Rounds end after someone reaches 12 points, but gaining points isn't as simple as firing the disc behind the opposition. Rather, there are three goals at any given time. The uppermost and lowermost goals are typically easier to target, but only award three points. The centremost goal, coloured pink for convenience, is difficult to hit, but bestows a competitor five points. Along with the scoring system, allowing the disc to fall at any point awards the opposition two points.

Screenshot for Windjammers on Nintendo Switch

The longer the disc is in play, the faster is generally becomes. While on-stage obstacles can slow the disc down, the more chaotic moments come when both players are firing the disc back at one another, building enough speed to eventually loosen someone's control. Between dashing and curving the discus, each round creates its own rhythmic frenzy.

Just as much as characters affect how the disc will move as per their stats, so do stages. Different stages feature different obstacles. The basic beach is the most traditional, offering nothing in the way of stage hazards, simply allowing the disc to travel between two competitors. Other stages might place a barricade in the centre, however, that can be used to spike the disc quickly or simply build up momentum.

Of course, it is worth noting that Windjammers is at its best when played with others. A feat that may be difficult to pull off as the title isn't particularly popular. As is the fate given to all obscure competitive titles, the online scene is more or less already dead. It isn't impossible to find a match, but the servers aren't exactly thriving. Once the sequel releases, whatever online play is left will likely fade out completely.

That said, it is a good thing that DotEmu added online in the first place. Finding a match is thrilling, and there's an addictive quality to tossing the disc back and forth. Even against CPUs, there's plenty of fun to be had on a mechanical level. Windjammers isn't the next big thing to break into the competitive scene, but it is a charming take on the Pong formula - which is really all it needed to be.
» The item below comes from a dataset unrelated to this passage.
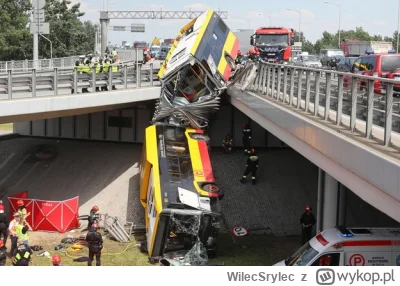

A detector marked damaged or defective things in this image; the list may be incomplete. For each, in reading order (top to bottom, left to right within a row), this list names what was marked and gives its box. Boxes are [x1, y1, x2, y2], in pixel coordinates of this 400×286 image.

damaged railing [238, 62, 400, 147]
Screenshot for Windjammers on Nintendo Switch

Cubed3 Rating

Rated 7 out of 10

Very Good - Bronze Award

Rated 7 out of 10

Fast, frantic, and far more addictive than it initially lets on, Windjammers is a wild reimagining of Pong, with a well-rounded competitive edge. While there isn't too much depth in terms of what players can pull off, the core mechanics make each round a thrill, emphasizing fast paced action above all else. As expected, the online scene is far from thriving, but playing locally or just with CPUs more than gets the job done. Windjammers is a welcome reminder of how chaotic the arcade scene was in the early '90s.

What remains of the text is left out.